**Task goal**. Of all the lines below, output only those starting at the one with "Botoncito_JR24" and ending at the one with "483 E 9th St, Reno, NV", both ends included, exactly as written.

**Records from a data source**.
>>>
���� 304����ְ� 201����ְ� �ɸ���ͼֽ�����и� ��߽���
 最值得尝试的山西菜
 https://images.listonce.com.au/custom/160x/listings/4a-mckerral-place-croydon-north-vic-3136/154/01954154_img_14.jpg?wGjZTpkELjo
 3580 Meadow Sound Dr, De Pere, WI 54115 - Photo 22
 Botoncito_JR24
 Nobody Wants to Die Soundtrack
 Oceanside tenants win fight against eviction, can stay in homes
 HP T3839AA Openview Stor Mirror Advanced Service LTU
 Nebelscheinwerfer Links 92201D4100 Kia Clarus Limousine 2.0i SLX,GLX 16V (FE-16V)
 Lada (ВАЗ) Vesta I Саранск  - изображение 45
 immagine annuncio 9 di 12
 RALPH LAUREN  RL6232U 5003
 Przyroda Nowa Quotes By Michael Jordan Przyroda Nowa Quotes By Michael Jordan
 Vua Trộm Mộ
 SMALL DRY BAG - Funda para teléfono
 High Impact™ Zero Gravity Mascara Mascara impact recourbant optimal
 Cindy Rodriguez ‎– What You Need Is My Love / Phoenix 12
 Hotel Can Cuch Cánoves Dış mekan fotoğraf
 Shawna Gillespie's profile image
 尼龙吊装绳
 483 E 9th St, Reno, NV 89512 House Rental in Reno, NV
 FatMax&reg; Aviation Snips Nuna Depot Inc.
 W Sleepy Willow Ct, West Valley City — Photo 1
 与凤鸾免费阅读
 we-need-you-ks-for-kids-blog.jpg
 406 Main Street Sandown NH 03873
<<<
**Exercise result**.
 Botoncito_JR24
 Nobody Wants to Die Soundtrack
 Oceanside tenants win fight against eviction, can stay in homes
 HP T3839AA Openview Stor Mirror Advanced Service LTU
 Nebelscheinwerfer Links 92201D4100 Kia Clarus Limousine 2.0i SLX,GLX 16V (FE-16V)
 Lada (ВАЗ) Vesta I Саранск  - изображение 45
 immagine annuncio 9 di 12
 RALPH LAUREN  RL6232U 5003
 Przyroda Nowa Quotes By Michael Jordan Przyroda Nowa Quotes By Michael Jordan
 Vua Trộm Mộ
 SMALL DRY BAG - Funda para teléfono
 High Impact™ Zero Gravity Mascara Mascara impact recourbant optimal
 Cindy Rodriguez ‎– What You Need Is My Love / Phoenix 12
 Hotel Can Cuch Cánoves Dış mekan fotoğraf
 Shawna Gillespie's profile image
 尼龙吊装绳
 483 E 9th St, Reno, NV 89512 House Rental in Reno, NV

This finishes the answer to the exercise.